All’origine di quella costruzione chiamata “Europa”,  formatasi alla conclusione della Seconda Guerra Mondiale, quando il contenente distrutto sentiva la necessità di una collaborazione e integrazione tra le popolazioni, troviamo l’obiettivo comune di una crescita economica e di un dialogo politico per una condizione di sicurezza e coesione tra gli Stati Europei.

Questa è per lo meno “l’Europa” per la concezione comune, osservata sotto un aspetto esclusivamente econometria  e politico dietro al quale però si nascondono alcuni valori di base, sopra i quali l’idea di “Unione Europea” si è fondata, come inclusione, tolleranza, libertà, non discriminazione, democrazia. Ma la democrazia, per funzionare, non può essere separata da una condizione culturale, dalla conoscenza, dall’istruzione della “maggioranza”. La libertà del popolo, che sceglie, è il suo lato migliore, ma spesso può diventare anche il suo limite quando le scelte vengono fatte senza capire, senza sapere o ancor peggio nella speranza di indovinare.
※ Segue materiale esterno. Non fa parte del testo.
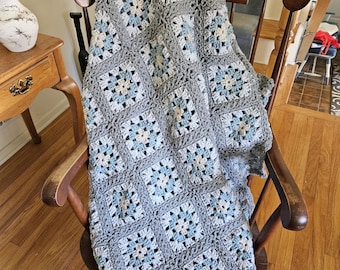 Crochet Afghan Blanket, Acrylic Yarn-Silvery granny throw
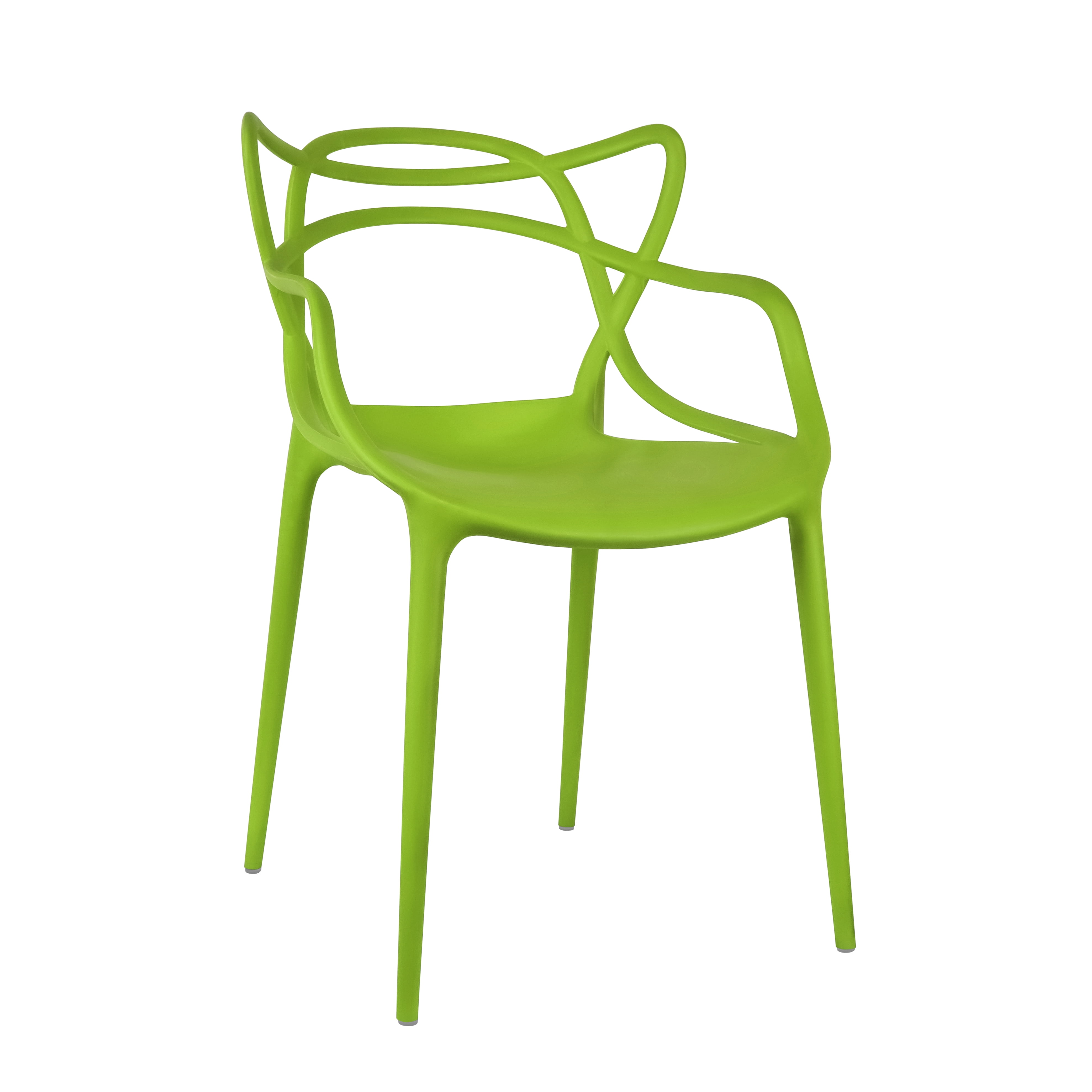 2xhome Set of 2 Modern Contemporary Designer Dining Chairs Molded Plastic Indoor Outdoor Patio Elbow Chairs, Green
Philippe Daverio, presentando il suo ultimo libro “quattro conversazioni sull’Europa” si inserisce così nel dibattito politico attuale con la sua autorevole voce di storico dell’arte e antropologo culturale. Il presupposto è che l’Europa è la nostra casa comune, una condivisa visione del mondo, con uno stesso linguaggio artistico, musicale, architettonico e gastronomico. Partendo dal pensiero di alcuni grandi maestri dell’Ottocento e Novecento, tra cui Victor Hugo, Voltaire e addirittura Carlo Magno, che nella costruzione del suo impero aveva necessariamente dovuto tollerare differenti lingue e etnie, essere in qualche modo assorbente e assolutamente non escludente, immagina un’Unione Europea, “come un impero culturale”, che trova un senso all’interno della condivisione di idee di fondo comune. Queste allora possono essere un punto di partenza, uno stimolo per la società a prendere coscienza e ad aprirsi al concetto di un’Europa costituita da “cives” , per far ripartire l’evoluzione dialettica bloccatasi con la caduta del muro di Berlino, che faceva procedere la storia, e superare la situazione di inerzia che oscilla pericolosamente tra populismo e nazionalismo.